Rick asks whether it is possible that reading a well-reviewed work of scholarly history can "constitute[] racial harassment, or should be the ground for disciplinary action." Unfortunately, those are two very different things. No, it would not and could not be racial harassment under Title VII just to read a book at work that has KKK in the title, nor can it be harassment to stop reading such a book because a co-worker objects; any Title VII claim against IUPUI would fail. The problem is that the incentive structure of harassment law makes this very sort of disciplinary action against Sampson likely. IUPUI is so scared of getting sued by the allegedly harassed co-workers (even on a claim that is utterly meritless to the point of frivolous) that it is easier for it simply to punish Sampson. For reasons perfectly explained in one of the Comments to Paul's Co-Op post, Sampson has no remedy for what should be recognized as a violation of his First Amendment rights--not to mention everything a university should stand for. So IUPUI can save itself the lawsuit and punish Sampson with impunity.
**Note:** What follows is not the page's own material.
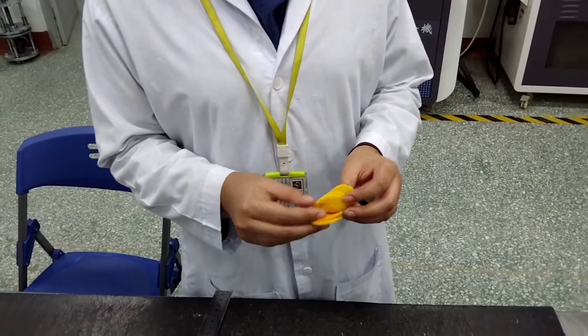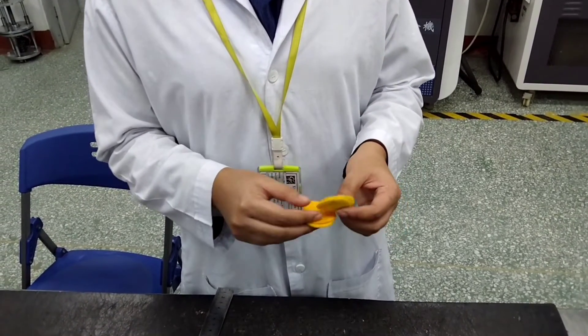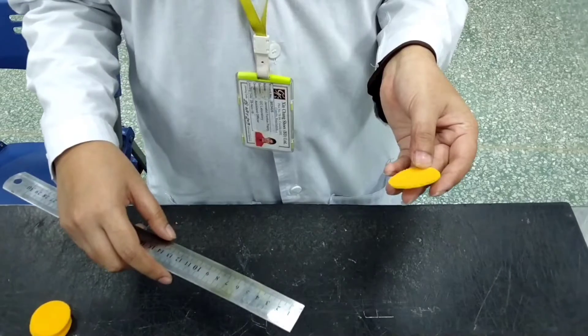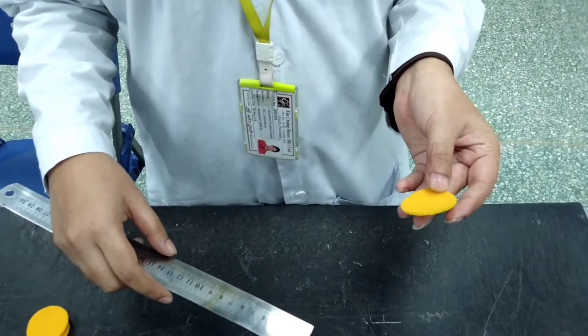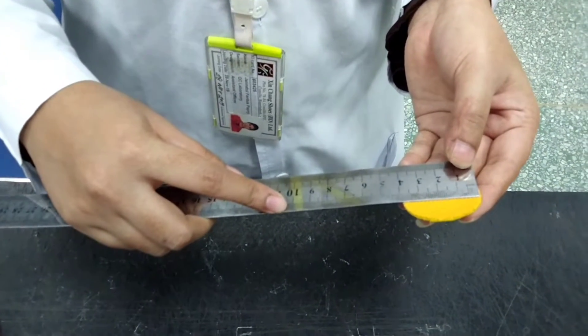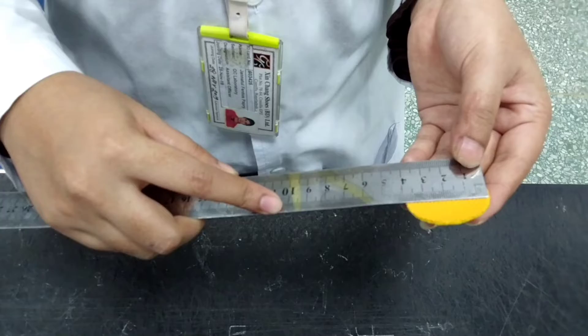I have cut 5-piece test specimen: 2-piece dry, 2-piece wet, and 1-piece sample. This material is lining. This material is 38 mm round.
As Paul notes, the punishment was rescinded, but in a letter that likely will (and likely was intended to) make Sampson think long and hard before doing any on-break reading ever again. First, the affirmative action officer who wrote the letter insists she only got involved because of the perception of Sampson's co-workers about his conduct (i.e., reading a scholarly historical account of real-world events) and the sense that he was reading that book to create a hostile environment. She then explains that punishment was rescinded only because she "was unable to draw any final conclusion about what was intended by the conduct." Of course, if Sampson continues to read this book and co-workers continue to complain, it is very likely that the affirmative action officer will draw conclusions about what he was intended, simply because Sampson continued to ignore his colleagues' objections to his reading that book (in ordinary First Amendment law, we call that a "heckler's veto"). What would you do if you were Mr. Sampson?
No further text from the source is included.